Those who don’t know me well might think I’m seriously curmudgeonly and mean in real life. That I snarl at kids, elbow aside the geriatric contingent as we’re all filing into Denny’s for the blue plate special, look for flies so that I can pull off their wings.


Be all of that as it may, I do try to live my life as a good person – and at this point, I can only say: what the fuck was I thinking? What was the point? I’ve recited my litany of woe and bad luck enough here such that I don’t feel like repeating it, because quite frankly, it’s pretty damn depressing. Suffice it to say that my friends call me Schleprock, and have honestly suggested that I find a shaman or someone else who can help try to remove the curse that’s been hovering over me for years.

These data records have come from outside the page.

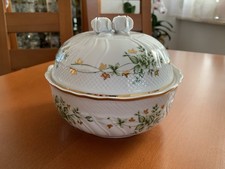 HOLLOHAZA Gr. Deckeldose Gäbeckdose Gold-/Blumendekor grün Porzellan neuwertig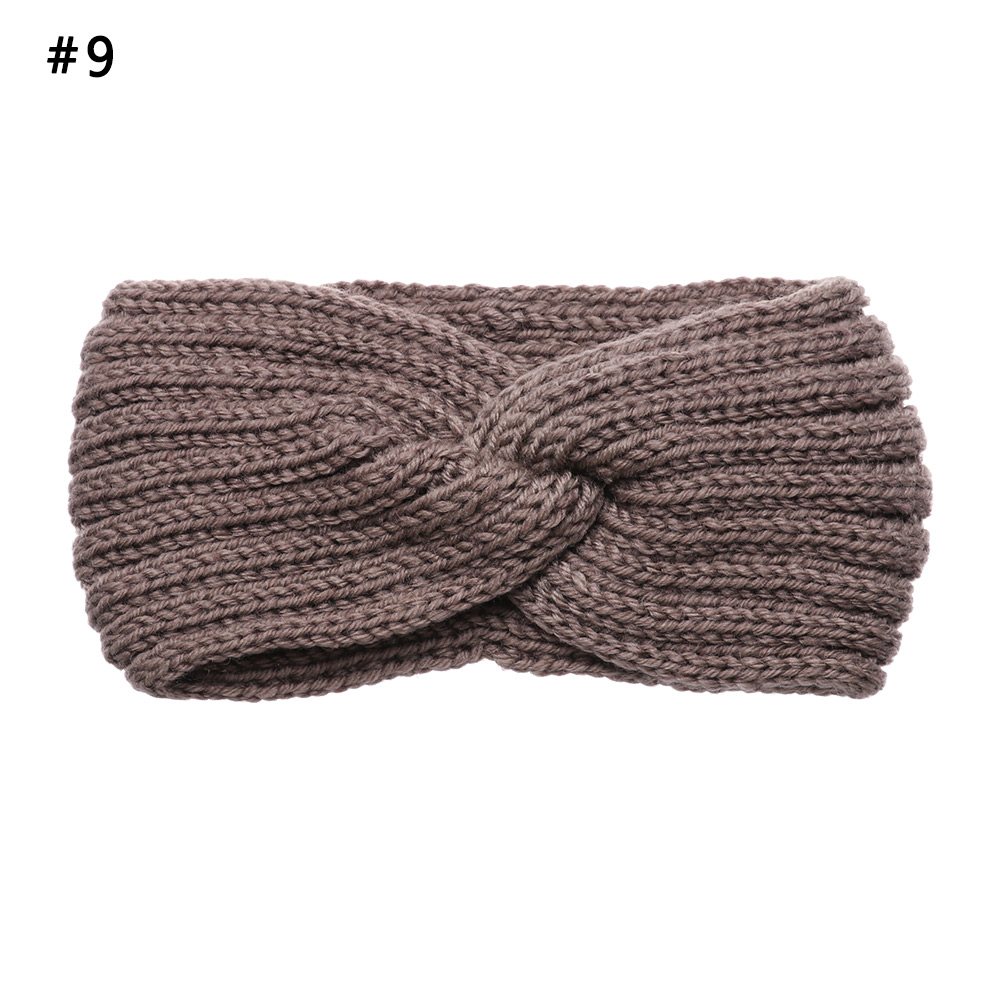 Bandeaux en laine tricotés au Crochet | Bandeaux d'hiver pour femmes, style bohémien, tissage croisé fait à la main, et solide: 9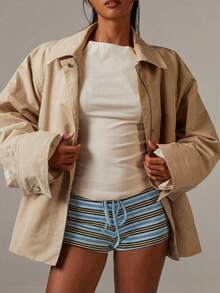 Athîral Quần short bó sát kẻ sọc bằng vải jersey dành cho nữ - Màu xanh lam - Xem 3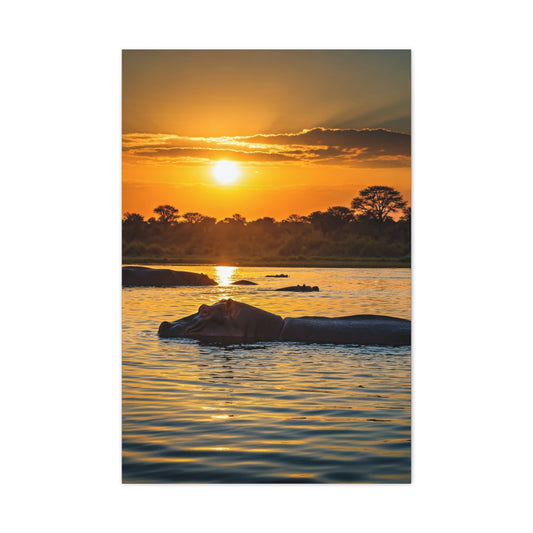 Hippo Resting at Sunset Waters Wall Art & Canvas Prints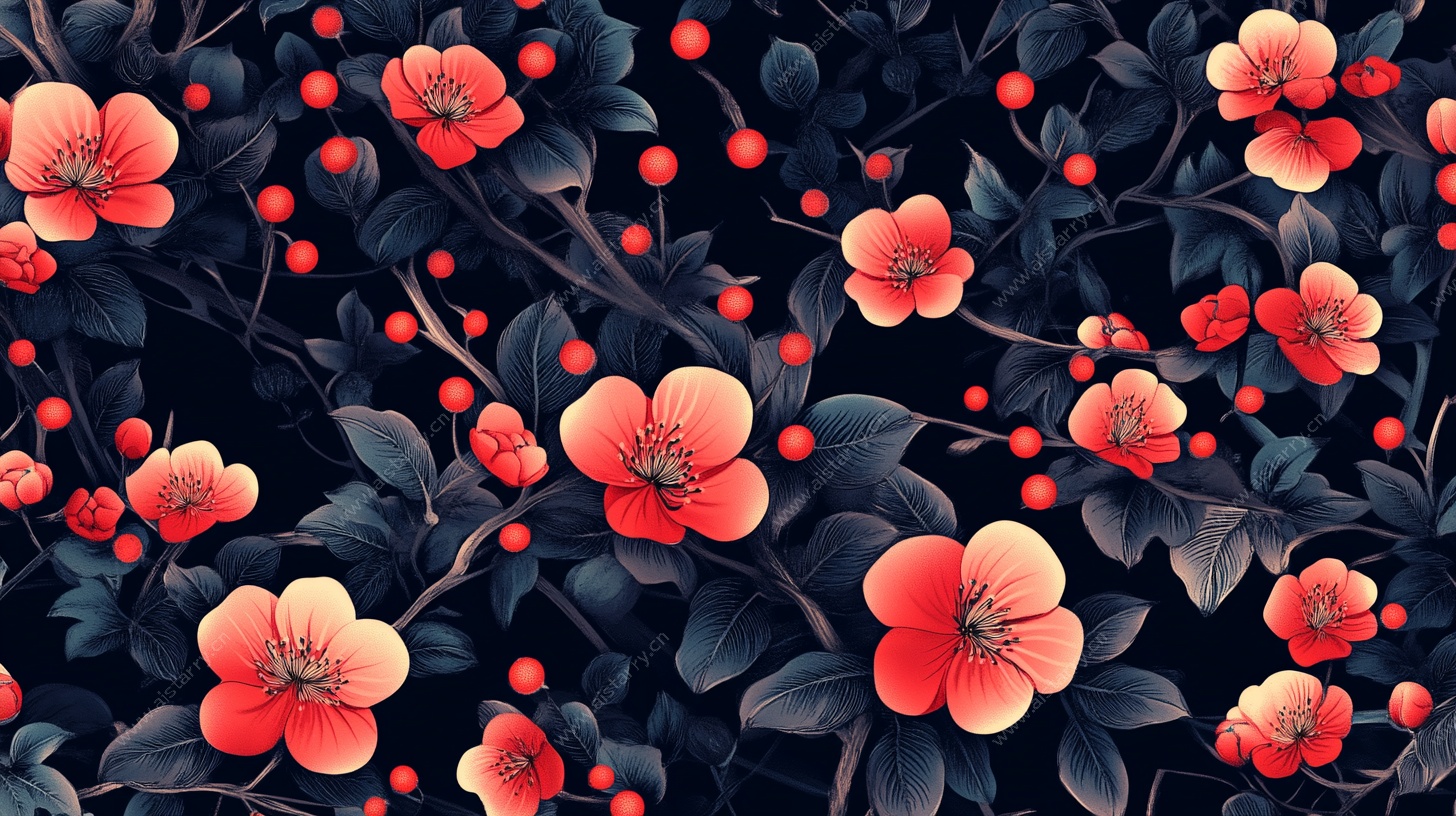 深红繁花图案背景图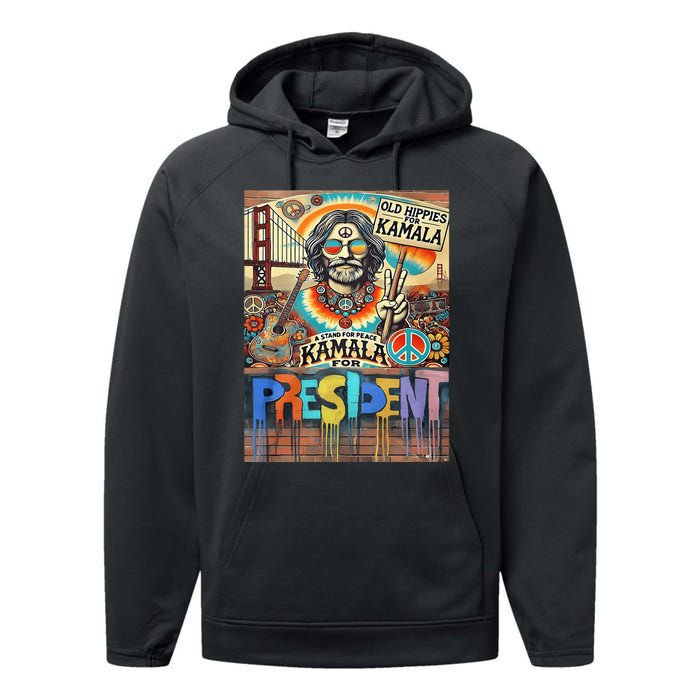 Old Hippies For Kamala 2024 Peace & Love Campaign Performance Fleece Hoodie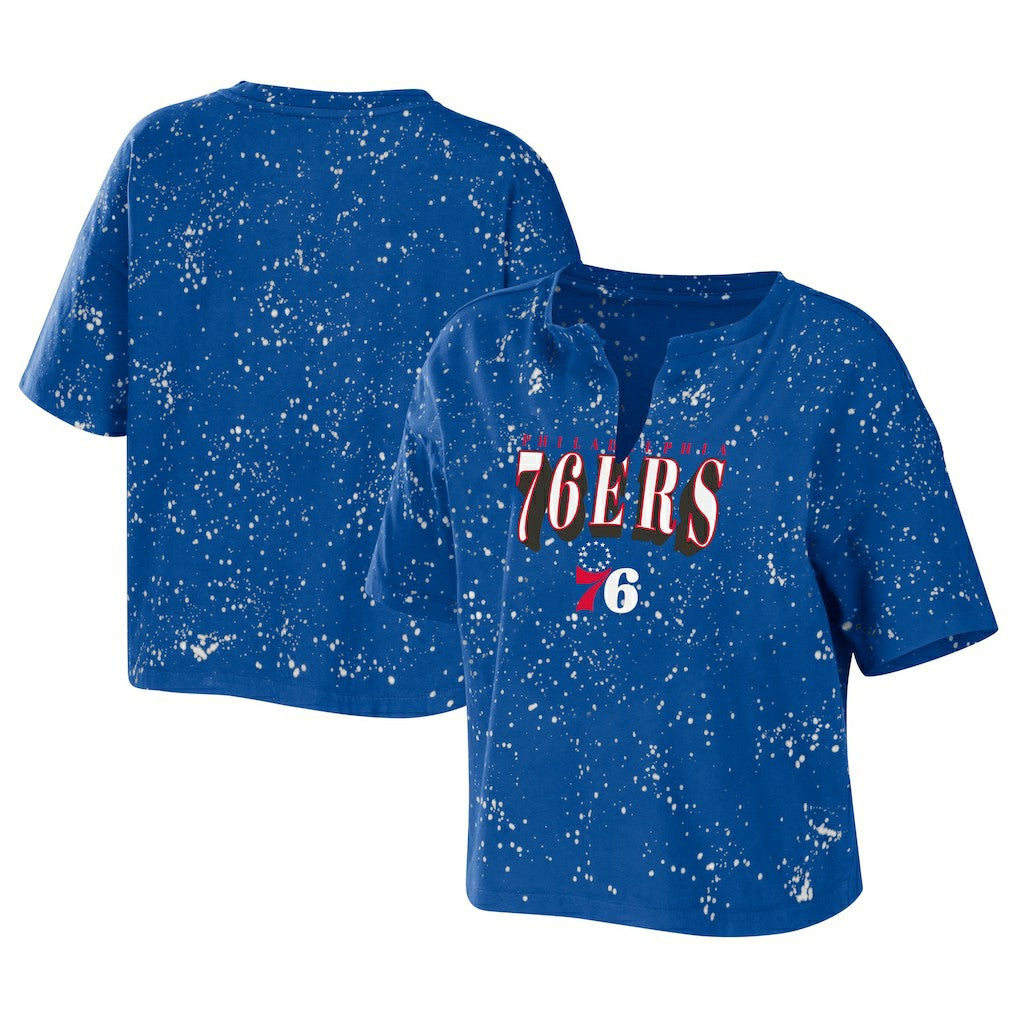Philadelphia 76ers WEAR by Erin Andrews Women's Bleach Splatter Notch Neck T-Shirt Discount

But through it all, my sunny nature has managed to soldier on and assert itself. It’s not in my nature to be mean and bitchy, though god knows I’ve tried. I’ve left notes for myself: “Be bitchy!” Yet somehow it never takes, kind of like my attempt to take up smoking so that I’d have at least one vice that would make sense with the cancer history. Nope, no luck with that either, sad to say.


But now? I'm done. Now with my rage and depression having no bounds, I’m finding that being bitchy is coming a bit more naturally. To those who don’t understand why I’m taking the garden thing so hard – though I think most people do – part of it is because it’s been one crappy tomato growing season after another these last years. Let’s start with 2008, though the years before that were supremely crappy too, mostly due to a horrible garden plot out by my mom’s in Huntley, a plot that was replenished every year with “mulch” from Stan’s House of Toxic Garden Stuff thanks to the Sun City gardening committee.


But 2008 – that might have been okay if not for that pesky cancer thing and, more importantly, the brain injury that had me not quite knowing what a garden was exactly. So the tomatoes fell by the wayside. 2009 was the Year Without a Summer. 2010, I went on the GAA (Great Alpian Adventure) in August, and missed the prime harvest weeks. This year though – ah, this year. I refused to go out of town for all of August, and there were tons of tomatoes, and there were still tons to be had because it was a late growing season.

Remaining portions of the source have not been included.